Cc: linux-hyperv@vger.kernel.org; netdev@vger.kernel.org; linux-kernel@vger.kernel.org; linux-rdma@vger.kernel.org
Subject: RE: [Patch v4 06/12] net: mana: Define data structures for protection domain and memory registration

> From: longli@linuxonhyperv.com <longli@linuxonhyperv.com>
> Sent: Wednesday, June 15, 2022 7:07 PM
> 
> The MANA hardware support protection domain and memory registration 
> for
s/support/supports
 
> diff --git a/drivers/net/ethernet/microsoft/mana/gdma.h
> b/drivers/net/ethernet/microsoft/mana/gdma.h
> index f945755760dc..b1bec8ab5695 100644
> --- a/drivers/net/ethernet/microsoft/mana/gdma.h
> +++ b/drivers/net/ethernet/microsoft/mana/gdma.h
> @@ -27,6 +27,10 @@ enum gdma_request_type {
>  	GDMA_CREATE_DMA_REGION		= 25,
>  	GDMA_DMA_REGION_ADD_PAGES	= 26,
>  	GDMA_DESTROY_DMA_REGION		= 27,
> +	GDMA_CREATE_PD			= 29,
> +	GDMA_DESTROY_PD			= 30,
> +	GDMA_CREATE_MR			= 31,
> +	GDMA_DESTROY_MR			= 32,
These are not used in this patch. They're used in the 12th patch for the first time. Can we move these to that patch?

>  #define GDMA_RESOURCE_DOORBELL_PAGE	27
> @@ -59,6 +63,8 @@ enum {
>  	GDMA_DEVICE_MANA	= 2,
>  };
> 
> +typedef u64 gdma_obj_handle_t;
> +
>  struct gdma_resource {
>  	/* Protect the bitmap */
>  	spinlock_t lock;
> @@ -192,7 +198,7 @@ struct gdma_mem_info {
>  	u64 length;
> 
>  	/* Allocated by the PF driver */
> -	u64 gdma_region;
> +	gdma_obj_handle_t dma_region_handle;
The old name "gdma_region" is shorter and it has "gdma"
rather than "dma". 

The new name is longer. When one starts to read the code for the first time, I feel that "dma_region_handle" might be confusing as it's similar to "dma_handle" (which is the DMA address returned by dma_alloc_coherent()). "dma_region_handle" is an integer rather than a memory address. 

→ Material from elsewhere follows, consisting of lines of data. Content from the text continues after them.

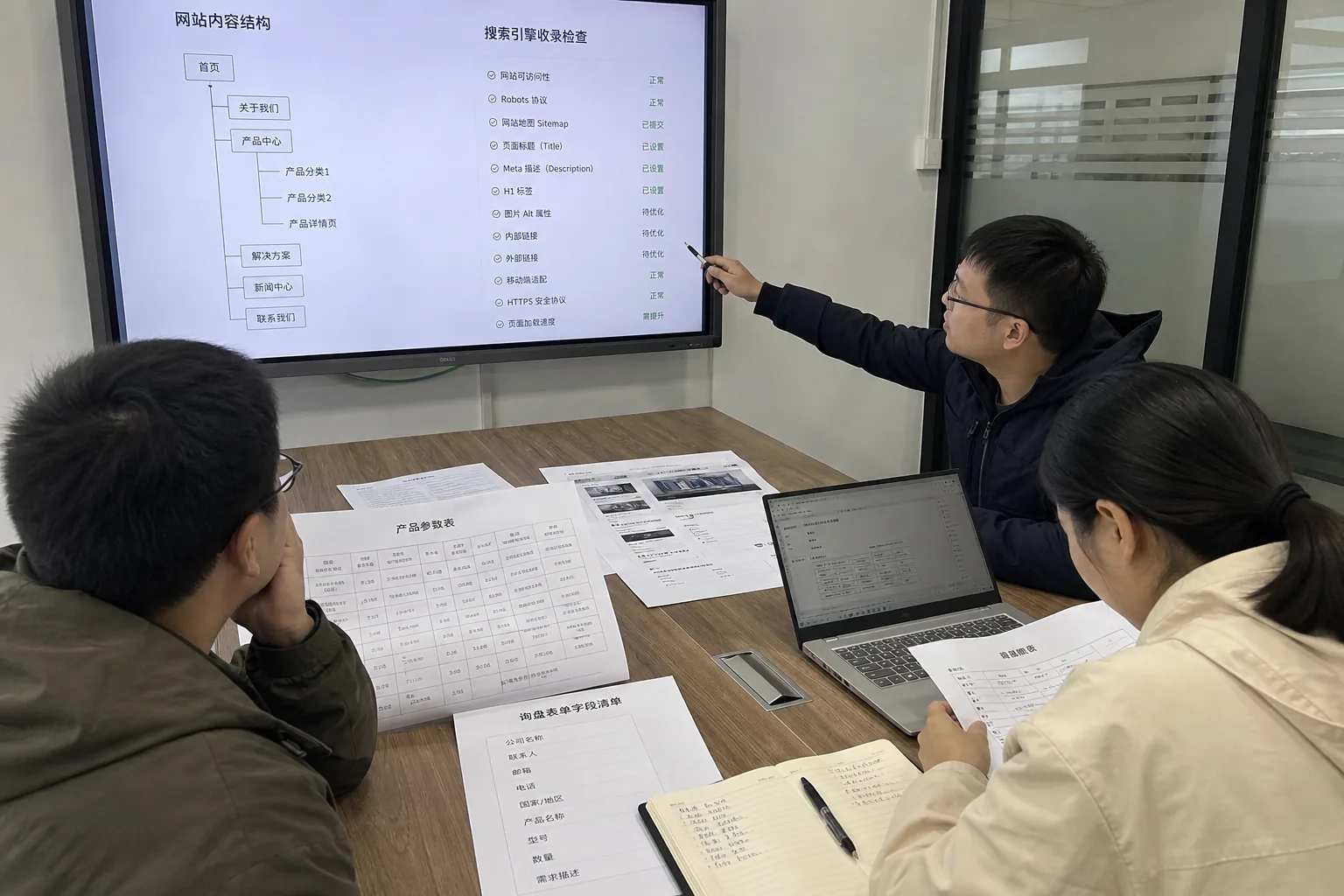 企业网站团队核对询盘表单字段和搜索收录清单
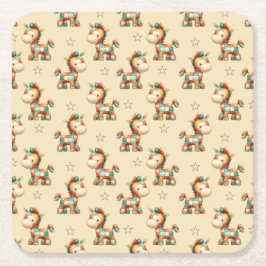 Giddy-Up Patchwork Pony Födelsedag Underlägg Papper Kvadrat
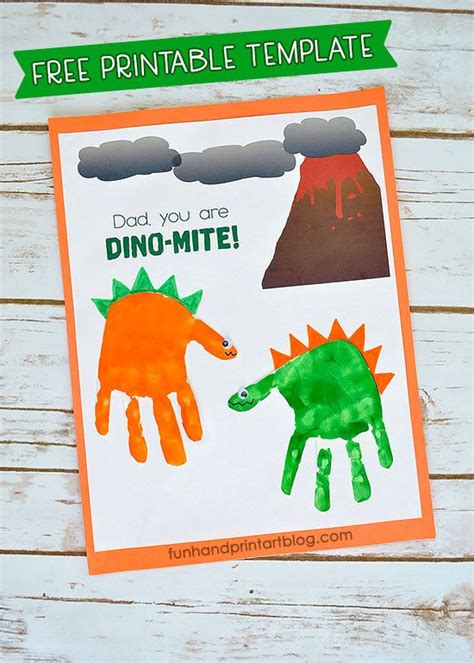 Amp Quot Dad You Are Dino Mite Amp Quot Printable Dinosaur Handprint Card Idea Diy Father Amp 39 S Day Gifts Easy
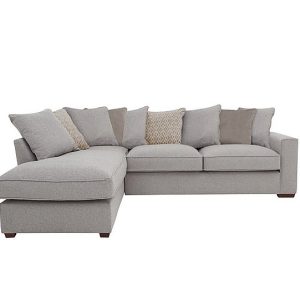 Cory Fabric Left Hand Facing Corner Chaise Scatter Back Sofa Bed  Dallas Silver  Stone Pack | Bed Sava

You use the new name probably because there is a "mr_handle "
in the 12 patch. I prefer the old name, though the new name is also ok to me. If you decide to use the new name, it would be great if this patch could split into two patches: one for the renaming only, and the other for the real changes.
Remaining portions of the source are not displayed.